From: | Neil Foster <Neil.Foster@newcastle.edu.au> |
To: | Stevens, Robert <robert.stevens@UCL.AC.UK> |
CC: | Jason Neyers <jneyers@uwo.ca> |
obligations@uwo.ca | |
Date: | 14/06/2012 23:21:00 UTC |
Subject: | Re: OBG v Allan in Canada |
As far as I can tell they are saying that the unlawful means don't have to be unlawful. Is that right?
The case is here
RobFrom: Jason Neyers [jneyers@uwo.ca]
Sent: 14 June 2012 15:36
To: obligations@uwo.ca
Subject: ODG: OBG v Allan in CanadaDear Colleagues:
Those of you interested in the economic torts will be interested in a recent decision of the NBCA which discusses the ambit of the unlawful means tort in Canadian law: see A.I. Enterprises Ltd. v. Bram Enterprises Ltd. 2012 NBCA 33.
The decision makes three main points:
1. That the test from the HL in OBG v Allan is generally the law of Canada.2. But that there should be principled exceptions to Lord Hoffmann’s “independent actionability” requirement. (As the court noted: “It seems to me that the Supreme Court of Canada typically eschews the formulation of rules or frameworks which do not admit exceptions”).3. That there is a defence of justification to the unlawful means tort.

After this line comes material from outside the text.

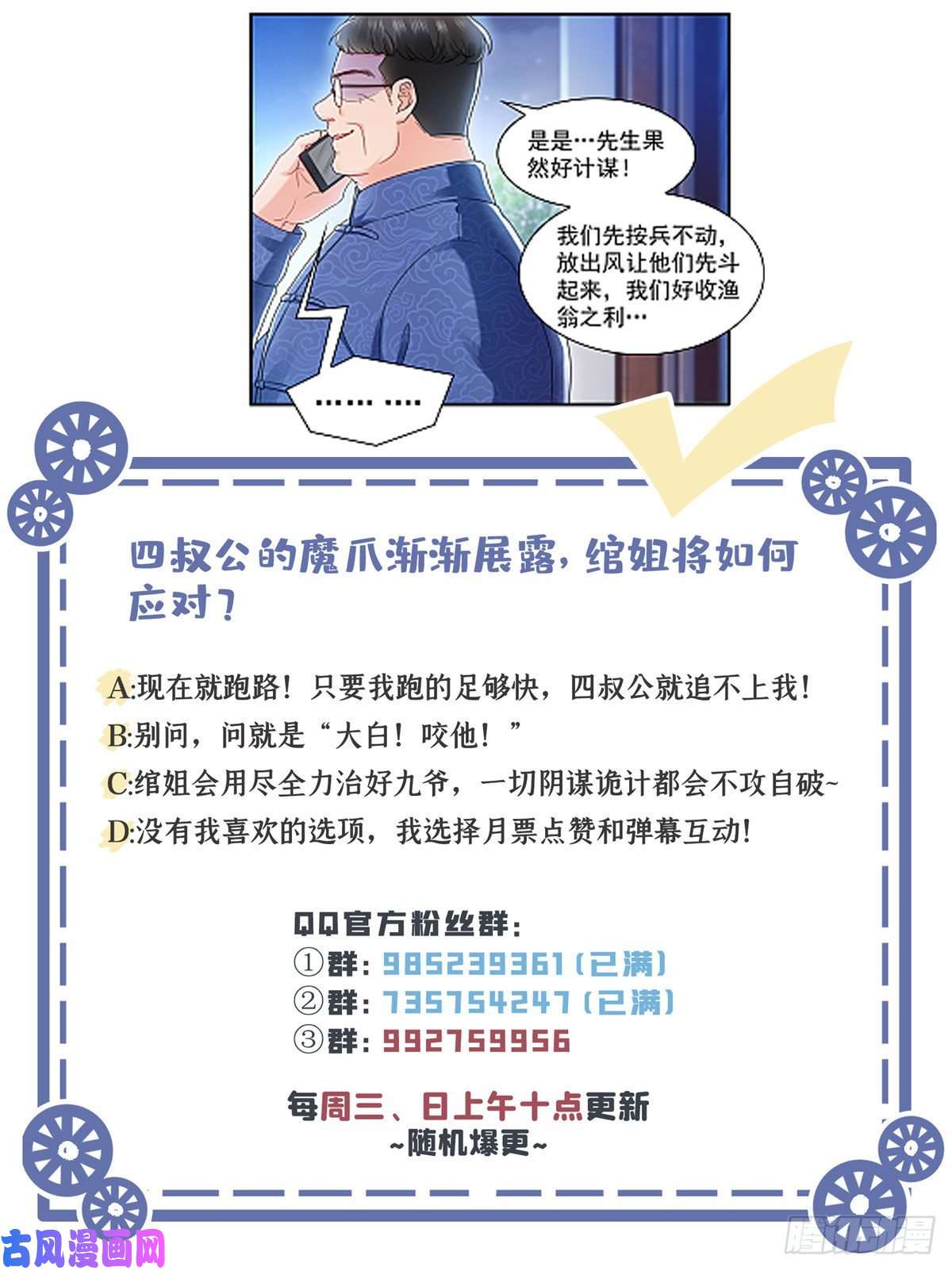 恰似寒光遇骄阳第一百一十二话 半年寿命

The facts of the case were roughly as follows: The plaintiffs and defendant purchased a commercial property through an agent (in which title to the land was vested). The relationship between the agent and the investors was regulated by a syndication agreement. The agreement included a clause that permitted the defendant to purchase the building at appraised value in the event that the plaintiffs sought to sell, failing which the property would be marketed to the public. The plaintiffs sought to sell the building but the defendant declined to purchase the building at its appraised value. In order to block any sale of the building, the defendant filed a notice of the right of first refusal on the title, initiated arbitration proceedings, registered liens against title, and refused entry to the plaintiffs for inspection by prospective purchasers. This continued on for some 20 months during which time two highly lucrative sales failed to close. In the end, the defendant purchased the building at the appraised value. The plaintiffs then sued for the difference they would have received had the purchase completed on the basis of the earlier offers.

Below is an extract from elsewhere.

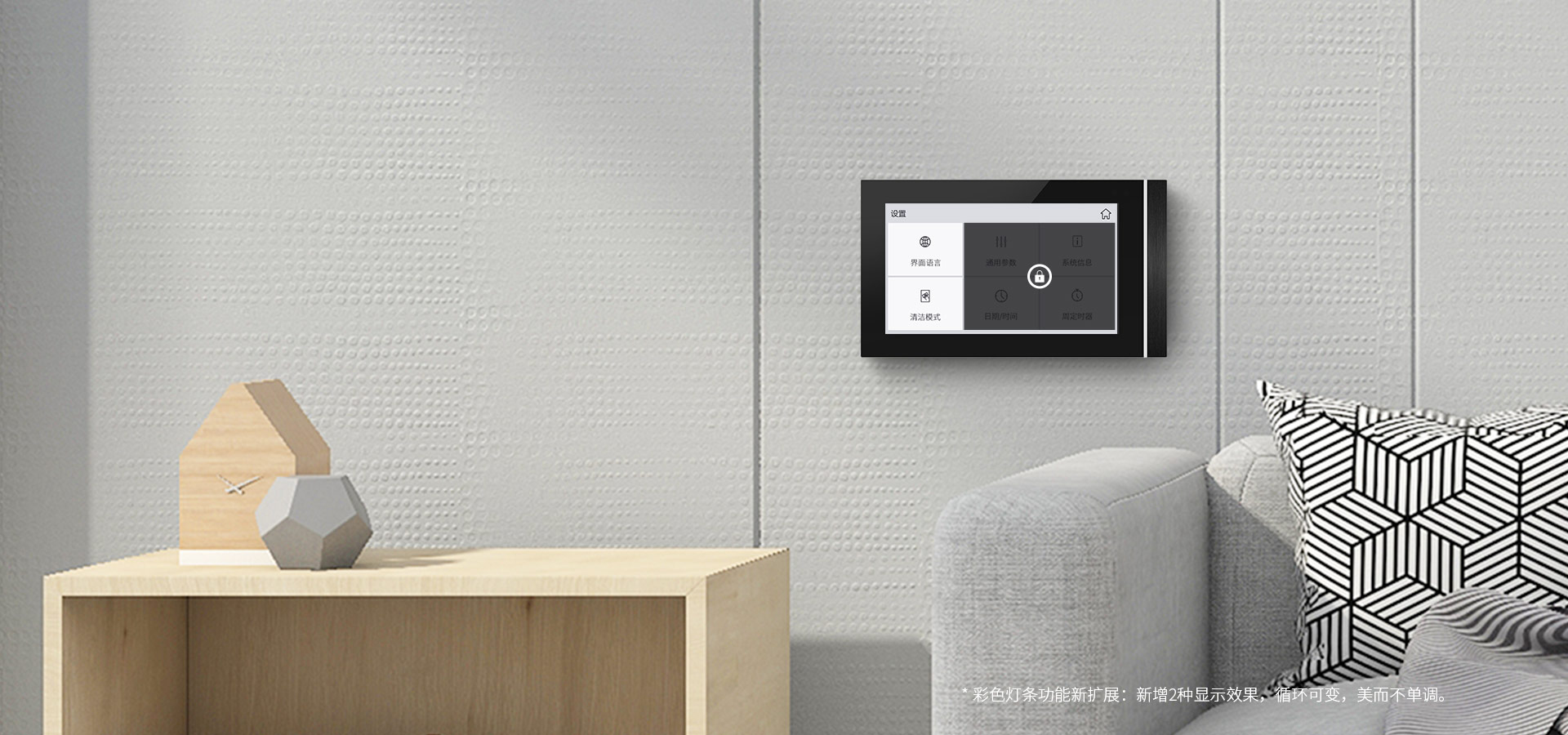 新增報(bào)警功能，安全守護(hù)從不缺席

The NBCA awarded damages based on the unlawful means tort. As the Court reasoned:
[79] If we do adopt Lord Hoffmann's definition, there can be no doubt that a requirement of the impugned conduct being independently actionable by the third party (the potential purchasers in this case) would be fatal to the trial judge's finding of tort liability for unlawful interference. There would be no reasonable cause of action open to [the potential purchasers in this case]. For example, the potential purchasers could not have sued [defendant] for inducing a breach of contract, as the executory contracts of purchase and sale were not breached. They simply expired or the parties withdrew without objection of the other party. …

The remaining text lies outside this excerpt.